Emerging from a backdrop of struggle and liberation, a vibrant black South African face makes her debut on national television. Her title in years to come: South Africa’s Queen of Talk. Who else could occupy such a radiant title and be celebrated as the woman who got South Africa talking, than Felicia Mabuza-Suttle? And while her countenance no longer graces our television screens, Mabuza-Suttle has far from given up on the united, empowered, South African dream.

Following the release of her recent book entitled, Live Your Dream, the BBQ team could not resist: we had to find out where South Africa’s Queen of Talk finds herself today and what inspired her new book. As the follow-up to her book, Dare To Dream, which follows the icon’s footsteps and journey from her own personal triumph over apartheid to pursuing her educational and career goals, Live Your Dream is geared towards inspiring and helping young South Africans achieve theirs.      
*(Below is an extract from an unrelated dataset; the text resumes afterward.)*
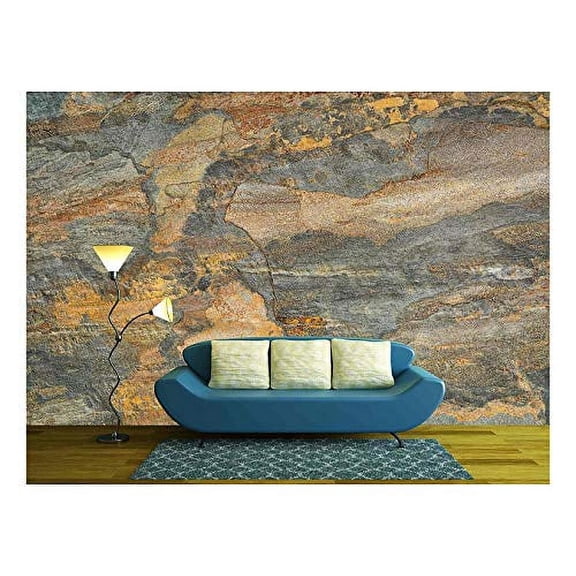 wall26 - Flat, Multi Color Foliated Slate Rock with Abstract Like Landscape Pattern - Removable Wall Mural | Self-Adhesive Large Wallpaper - 66x96 inches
“Live Your Dream is about accomplishing your goals. It is about moving your success to significance. Success is about self-empowerment and significance is about using your success to empower others. The experts say that you should share your legacy, because no one can tell it better than you can. In my presentations, I usually tell my audiences: ‘Your life has a purpose; your story is important; your dreams count; your voice matters; you were born to make an impact’. Live Your Dream is aimed at assisting you to use your legacy and to make a difference in the world. It is also aimed at helping you to ignite your passion, and to follow your purpose in life,” Mabuza-Suttle says.

Having made her way from growing up in Soweto, all the way to become a successful South African-American business woman, Mabuza-Suttle has achieved phenomenal success both in terms of business and education. When asked how exactly she has lived her dreams, Mabuza-Suttle says when you get to a stage in your life when you can say you are on ‘preferment’---when you are able to do only what you prefer to do and impact lives at the same time---that is living your dreams.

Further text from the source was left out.